▸ **SUPPLIED DATA**
══════
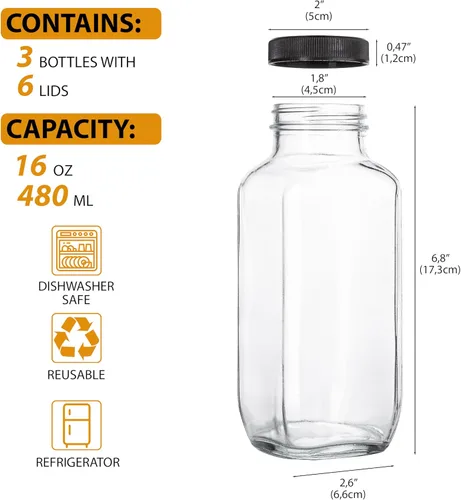 Vista 2 de umud Botellas de Jugo con Tapas, 16 Oz - Juego de 3 - Frascos de Vidrio Transparente con Tapas - Recipientes Vacíos Reutilizables para Bebidas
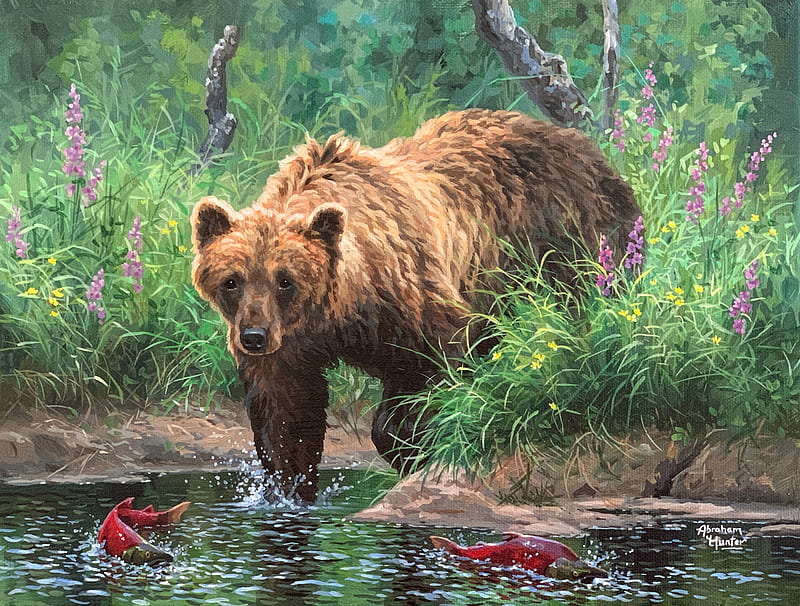 Salmon Fisherman, fishes, water, painting, bear, river, nature, artwork, HD wallpaper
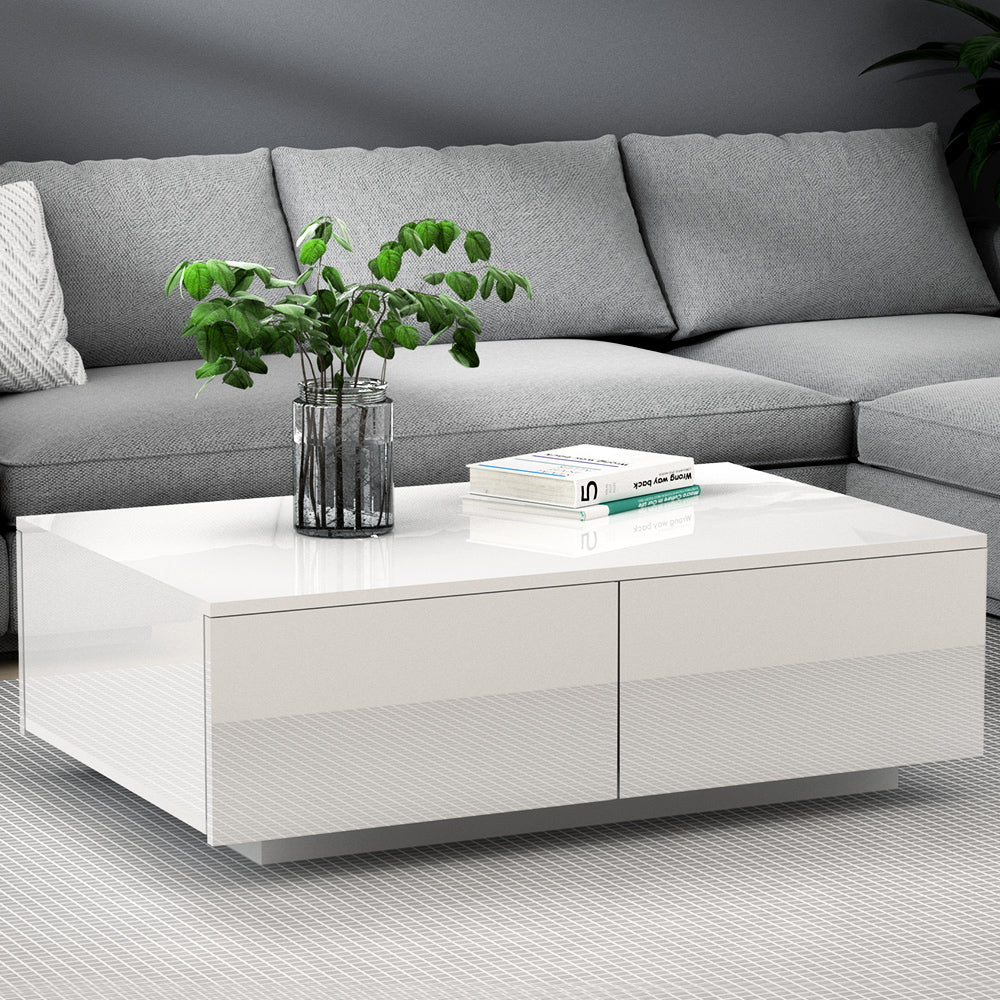 Artiss Coffee Table 4 Drawers White Trevi - Image 8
══════
▸ **EXERCISE**
What is needed is a word-for-word copy of the data above, free of any images.

▸ **TASK OUTPUT**
 Vista 2 de umud Botellas de Jugo con Tapas, 16 Oz - Juego de 3 - Frascos de Vidrio Transparente con Tapas - Recipientes Vacíos Reutilizables para Bebidas
 Salmon Fisherman, fishes, water, painting, bear, river, nature, artwork, HD wallpaper
 Artiss Coffee Table 4 Drawers White Trevi - Image 8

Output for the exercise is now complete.